# Generalized EM algorithm

For the setup, assume we have the parameterized distributions $p(z), p_{\theta}(x|z),$ where $z$ denote some latent variable. Our goal is to make inference on the unobserved latent variable given some observed data $\{x_i\}_{i\in [n]}$. Formally, we want to estimate

$$p(z=j|x) = \frac{p_{\theta}(x|z=j)p(z=j)}{\sum_j p_{\theta}(x|z=j)p(z=j)}$$

Here we are assuming that $z$ takes on finitely many values, the case for infinitely many values is discussed in the next section. Therefore, if we know the distribution $p(z), p_{\theta}(x|z),$ then computing the posterior is trivial. The real problem, is, therefore, how to estimate the parameters $\theta$, giving only partially observed data. <br>

To do so, a natural starting point is considering the log-likelihood

$$\log p(x) = \log \sum_j p_\theta(x, z=j) = \log \sum_j p_\theta (x|z=j)p(z=j)$$

One way of optimizing over $\theta$ is use a combination of maximum likelihood estimation and gradient descent. We discuss the EM approach like in the previous section.

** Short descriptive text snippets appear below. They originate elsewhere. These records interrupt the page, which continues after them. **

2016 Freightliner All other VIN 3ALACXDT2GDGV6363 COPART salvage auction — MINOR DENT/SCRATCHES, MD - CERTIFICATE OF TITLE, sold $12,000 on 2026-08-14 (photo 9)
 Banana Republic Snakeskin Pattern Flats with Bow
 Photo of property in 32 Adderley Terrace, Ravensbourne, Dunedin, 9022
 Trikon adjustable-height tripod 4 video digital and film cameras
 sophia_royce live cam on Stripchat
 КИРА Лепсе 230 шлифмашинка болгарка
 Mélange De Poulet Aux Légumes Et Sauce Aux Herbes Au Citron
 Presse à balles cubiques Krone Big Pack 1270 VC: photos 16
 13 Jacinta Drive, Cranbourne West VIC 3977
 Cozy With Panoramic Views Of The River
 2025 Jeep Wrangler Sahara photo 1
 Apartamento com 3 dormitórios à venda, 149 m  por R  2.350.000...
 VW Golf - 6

The difficulty of optimizing the expression is that the sum is within the logarithm, and therefore is hard to pull out. We can migitate this by consider likelihood weighing. Given any distribution $q(z=j)$, we have

$$\begin{align*}
   \log p(x) &= \log \sum_j p_\theta(x, z=j)\\
   &=  \log \sum_j p_\theta(x, z=j) \frac{q(z=j)}{q(z=j)}\\
   &\geq \sum_j \log\bigg(\frac{p_\theta(x, z=j)}{q(z=j)}\bigg)q(z=j)
\end{align*}$$

Where the third line we used Jensen's inequality. The lower bound holds for all $q$. We can choose $q$ to make the lower bound tight. Recall that Jensen's inequality equality holds when $X$ constant almost everywhere. Therefore, we choose $q(z=j)$ so that

$$q(z=j)\propto p_\theta(x, z=j)\propto p(z=j|x)$$

Choosing $q(z=j)$ to be the posterior $p(z=j|x)$ therefore gives us a tight bound

$$\begin{align*}
   \log p(x)
   &= \sum_j \log\bigg(\frac{p_\theta(x, z=j)}{p(z=j|x)}\bigg)p(z=j|x)\\
   &= \sum_j \log p_\theta(x, z=j)p(z=j|x) - \sum_j p(z=j|x)p(z=j|x)
\end{align*}$$

We can now optimize the log-likelihood iteratively. At the beginning, we randomly initialize the parameters. In the E step, using the old parmaters $\theta_{old}$

$$p_{\text{old}}(z=j|x) = \frac{p_{\theta_{old}}(x|z=j)p(z=j)}{\sum_j p_{\theta_{old}}(x|z=j)p(z=j)}$$

In the M step, we determine new parameters $\theta_{new}$ by maximizing the log-likelihood

$$\theta_{\text{new}} = \underset{\theta}{\arg\max}\; \sum_j \log p_{\theta_{old}}(x, z=j)p_{\text{old}}(z=j|x)$$